Lightweight justice for your single-board computer!
https://dietpi.com/
GNU General Public License v2.0
4.8k stars 494 forks source link

Setting CONFIG_NTP_MODE=0 (in order to then install chrony) makes initial install fail #6986

Open dirkhh opened 5 months ago

dirkhh commented 5 months ago

Creating a bug report/issue

Required Information

Additional Information (if applicable)

Steps to reproduce

  1. we want to run chrony for better time sync when tracking ADS-B planes
  2. setting CONFIG_NTP_MODE=0 in dietpi.txt (so that we can install chrony in the Automation_Custom_Script.sh)
  3. first boot will fail with various strange error

Expected behaviour

Actual behaviour

Mentions

@wiedehopf

MichaIng commented 5 months ago

Actually the time sync mode configured in dietpi.txt should be applied after the initial update and after in case automated installs did finish. Without moreless correct system time (so that HTTPS succeeds), it would fail already at the dietpi-update check. So it should always sync the time at least once with systemd-logind at early boot, once network has been configured.

At which stage exactly did it fail? Otherwise, I suggest to leave NTP mode untouched for first boot and then apply it with the automation script. You can use this command after chrony was installed:

/boot/dietpi/func/dietpi-set_software ntpd-mode 0
wiedehopf commented 5 months ago

To reproduce minimally i loaded the image fresh from the dietpi website: DietPi_RPi-ARMv8-Bookworm.img.xz

No worries about the password in the config, it's public / randomized on build: dietpi.txt

ssh into the image and it shows this:

image image

Choosing take over and cancel to investigate the state of the image:

root@adsb-feeder:~# cat /boot/dietpi/.version
G_DIETPI_VERSION_CORE=9
G_DIETPI_VERSION_SUB=1
G_DIETPI_VERSION_RC=1
G_GITBRANCH='master'
G_GITOWNER='MichaIng'

The logs don't seem to be very useful:

root@adsb-feeder:/var/tmp/dietpi/logs# ls
dietpi-firstboot.log  dietpi-ramlog.log  fs_partition_resize.log

dietpi-firstboot.log: http://sprunge.us/N7dVni dietpi-ramlog.log: http://sprunge.us/FGRdL2 fs_partition_resize.log: http://sprunge.us/7UMRUC

Anything else in regards to logs i can get you? I'm pretty sure you could reproduce with the above but i'm happy to investigate further.

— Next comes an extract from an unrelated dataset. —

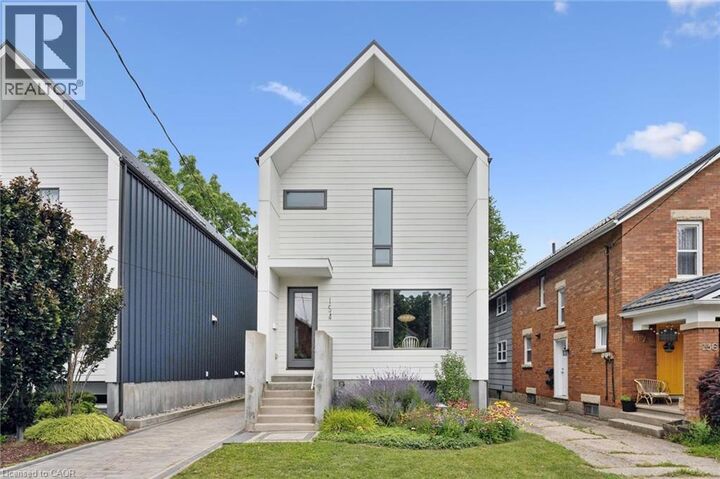 154 Ontario Street — photo 1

Edit: journalctl: http://sprunge.us/ovZodp

wiedehopf commented 5 months ago

At which stage exactly did it fail? Otherwise, I suggest to leave NTP mode untouched for first boot and then apply it with the automation script. You can use this command after chrony was installed:

That will be a perfectly good work-around for the usecase in question. (I've already tested a similar workaround just using sed to modify the config because i wasn't aware of the mentioned command, worked perfectly fine)

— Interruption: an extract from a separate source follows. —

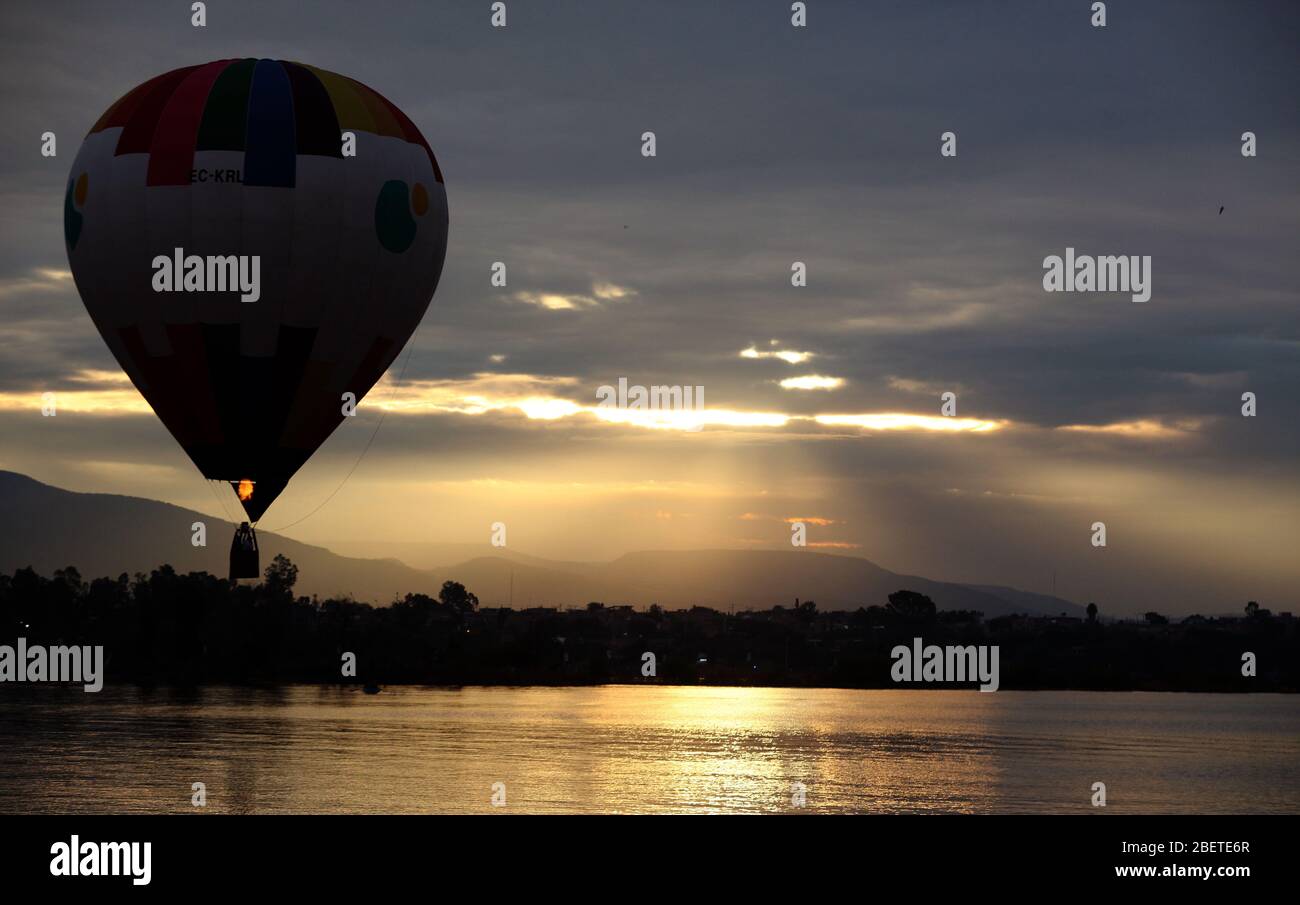 Festival de montgolfières à Leon Guanajuato Festivlal del globo en leon Guanajuato, 16nov2013. FOTO:TiradorTercero/NortePhoto.com Banque D'Images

MichaIng commented 5 months ago

The early setup steps all succeded. Is there some /var/log/dietpi-update.log or /var/tmp/dietpi/logs/dietpi-firstrun-setup.log?

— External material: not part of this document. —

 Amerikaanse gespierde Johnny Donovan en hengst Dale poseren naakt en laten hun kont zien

wiedehopf commented 5 months ago

Not that i can see:

root@DietPi:~# ls /var/log/
README  btmp  lastlog  private  wtmp
root@DietPi:~# ls /var/tmp/dietpi/logs/
dietpi-firstboot.log  dietpi-ramlog.log  fs_partition_resize.log
wiedehopf commented 5 months ago

dietpi-update stage 0 log: http://sprunge.us/oiBnJG

To get the log i added logging to this line: https://github.com/MichaIng/DietPi/blob/master/dietpi/dietpi-login#L188 (Probably good to add logging for that regardless of this issue)

systemd-timesyncd systemd service seems to only runs after that first dietpi-update (it does run as the journal shows and it hasn't yet run because the time isn't set yet) In other NTP modes dietpi-update specifically starts systemd-timesyncd via run_ntpd when starting but for NTP=0 it does not.

wiedehopf commented 5 months ago

Yeah that approach didn't work because it doesn't wait for network / wait for timesync success. (the commit above that references the issue that wasn't really ready)

It's quite tricky to add some sort of exception for $G_DIETPI_INSTALL_STAGE == 0 into dietpi/func/run_ntpd I don't have a good idea for it and it's probably not that important.

In regards to the logging i've tested some simple changes and made a PR but feel free to just close the PR and add logging as you see fit :) https://github.com/MichaIng/DietPi/pull/6988

MichaIng commented 5 months ago

Weird: In the journalctl log it shows that the time was correctly set:

systemd-timesyncd[297]: Initial clock synchronization to Tue 2024-03-26 09:36:01.879213 GMT.

But during the APT update, it is at an older time. As if it somehow got set back later.

EDIT: Ah right, because it is already set to mode 0, it is not waiting for the time sync. Okay indeed this is not optimal: The systemd-timesyncd service is disabled later after dietpi-software ran, bit run_ntpd does not wait for the time sync already before that. Would be better to have it reading the mode elsewhere, so that the effective setting always matches the state of thr systemd unit and is only set together with dietpi-set_software ntpd-mode after first run setup has otherwise finished. But I do not like to have multiple flags. I have to think about how to do this best.

But in general, it actually also makes sense to set the time sync mode to 0 only after an additional time sync daemon has been installed, not before. Probably best is to better/clearer split dietpi.txt into sections: One for things which are intended to be set before first boot to be applied during first run setup automatically, and one which contains only flags for things which are not fully effective alone, or cause issues when changing them directly. Such could also be put into a dedicated file.

For this particular case we could also force the updater to wait for timesyncd only during first boot. Just as you suggested.

wiedehopf commented 5 months ago

Probably best is to better/clearer split dietpi.txt into sections: One for things which are intended to be set before first boot to be applied during first run setup automatically, and one which contains only flags for things which are not fully effective alone, or cause issues when changing them directly. Such could also be put into a dedicated file.

Well the issue with this option is that settings 1-4 are perfectly valid to set before first boot, just option 0 is not. So possibly just a remark that you shouldn't set 0 before first boot is complete? That of course makes the document longer but maybe that's the way?